Le Dr. Björn Jensen, de l’hôpital universitaire de Düsseldorf qui a mené l’étude précise « le processus de greffe a vidé le réservoir viral et le transfert de la résistance au VIH des cellules du donneur au patient empêche les virus qui pourraient être encore présents de se propager ».

Les cas de rémission du VIH dans le monde

Certaines personnes peuvent maintenir une charge virale indétectable pendant de longues périodes en l’absence de traitement antirétroviral, ce qui est considéré comme une rémission de l’infection par le VIH.

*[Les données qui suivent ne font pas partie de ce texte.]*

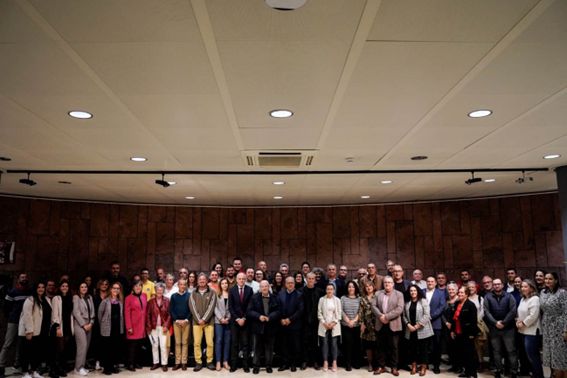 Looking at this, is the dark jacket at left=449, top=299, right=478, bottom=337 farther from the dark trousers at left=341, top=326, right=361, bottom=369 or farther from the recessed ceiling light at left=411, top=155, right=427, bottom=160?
the recessed ceiling light at left=411, top=155, right=427, bottom=160

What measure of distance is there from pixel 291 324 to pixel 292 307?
28cm

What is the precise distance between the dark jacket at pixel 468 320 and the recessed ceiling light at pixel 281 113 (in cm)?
479

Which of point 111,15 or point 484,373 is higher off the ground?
point 111,15

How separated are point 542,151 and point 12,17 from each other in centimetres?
→ 581

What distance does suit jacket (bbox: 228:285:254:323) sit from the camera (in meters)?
7.49

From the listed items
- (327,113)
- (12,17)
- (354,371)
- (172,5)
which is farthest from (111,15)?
(354,371)

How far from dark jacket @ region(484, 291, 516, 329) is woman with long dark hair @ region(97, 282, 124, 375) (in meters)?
6.01

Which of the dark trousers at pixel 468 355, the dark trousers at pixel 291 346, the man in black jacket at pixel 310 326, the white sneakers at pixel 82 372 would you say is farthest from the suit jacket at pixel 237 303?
the dark trousers at pixel 468 355

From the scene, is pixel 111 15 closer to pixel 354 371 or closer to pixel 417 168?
pixel 417 168

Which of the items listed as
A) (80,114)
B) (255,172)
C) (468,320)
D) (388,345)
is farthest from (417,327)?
(80,114)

Asier Sáez-Cirión explique : « Le cas des personnes qui ont reçu une greffe de moelle va au-delà de cette situation de contrôle ».

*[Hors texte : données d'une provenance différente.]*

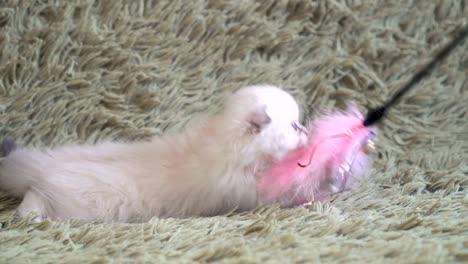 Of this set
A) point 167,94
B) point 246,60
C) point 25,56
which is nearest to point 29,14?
point 25,56

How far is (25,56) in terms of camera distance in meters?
1.39

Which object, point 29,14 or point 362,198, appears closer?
point 362,198

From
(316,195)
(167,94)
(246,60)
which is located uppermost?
(246,60)

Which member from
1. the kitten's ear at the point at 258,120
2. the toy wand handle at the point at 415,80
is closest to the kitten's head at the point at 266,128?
the kitten's ear at the point at 258,120

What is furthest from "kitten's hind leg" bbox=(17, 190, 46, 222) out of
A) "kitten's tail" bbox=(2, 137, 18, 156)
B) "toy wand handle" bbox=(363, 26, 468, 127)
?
"toy wand handle" bbox=(363, 26, 468, 127)

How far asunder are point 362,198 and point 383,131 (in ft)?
1.30

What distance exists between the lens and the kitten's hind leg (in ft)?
3.36

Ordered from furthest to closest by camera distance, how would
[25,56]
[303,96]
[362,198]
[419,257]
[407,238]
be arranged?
[303,96], [25,56], [362,198], [407,238], [419,257]

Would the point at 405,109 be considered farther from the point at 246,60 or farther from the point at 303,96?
the point at 246,60

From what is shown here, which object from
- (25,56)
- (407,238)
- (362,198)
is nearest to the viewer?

La description de la probable guérison du patient de Düsseldorf fait suite à celles des patients de Berlin et de Londres. Deux autres cas cliniques similaires, celui de New York et celui de l’hôpital City of Hope (Duarte, États-Unis), ont été présentés lors de conférences scientifiques en 2022 après un suivi de 12 mois sans rebond viral suite à l’interruption du traitement antirétroviral. Aucune de ces personnes ne possède de caractéristiques immunitaires particulières qui leur permettraient de contrôler spontanément l’infection par le VIH. Le virus a été éliminé de leur organisme à la suite d’une intervention médicale pour une autre pathologie.

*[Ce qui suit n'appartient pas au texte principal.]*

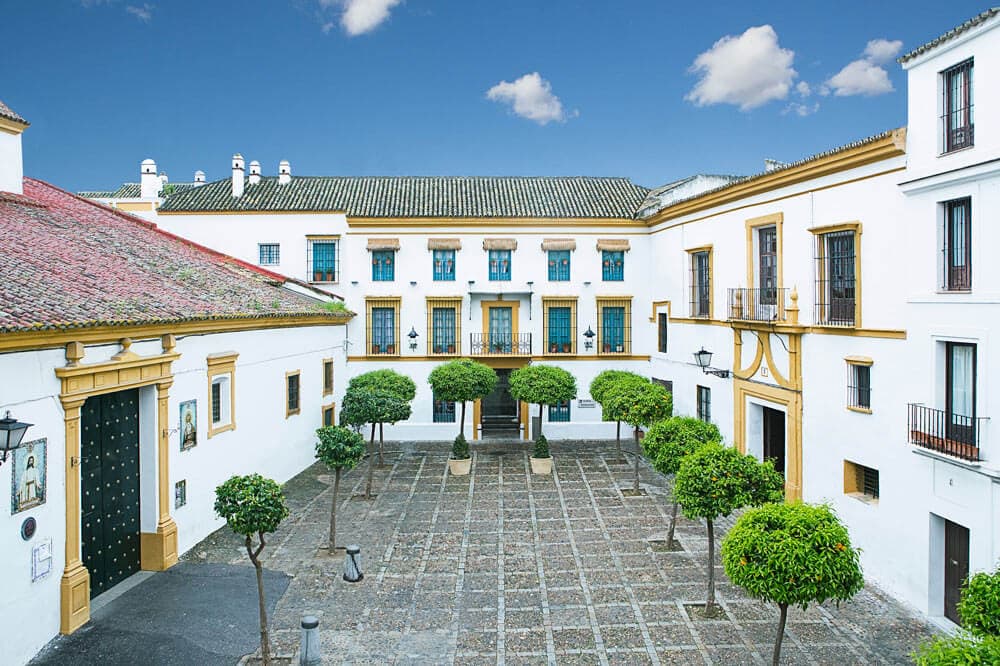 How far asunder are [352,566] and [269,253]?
15958 millimetres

La présentation de la probable guérison du patient de Düsseldorf fait suite à celle des patients de Berlin et de Londres. Deux autres cas cliniques similaires ont été présentés lors de conférences scientifiques en 2022 : celui de New York et celui de l’hôpital City of Hope (Duarte, États-Unis).

Ces patients ont été suivis pendant 12 mois sans rebond viral après l’interruption du traitement antirétroviral. Aucune de ces personnes n’a de caractéristiques immunitaires particulières leur permettant de contrôler spontanément l’infection par le VIH. Le virus a été éliminé de leur organisme à la suite d’une intervention médicale pour une autre pathologie. Cependant, la stratégie thérapeutique décrite dans cette étude est très agressive et ne convient pas au reste de la population vivant avec le VIH.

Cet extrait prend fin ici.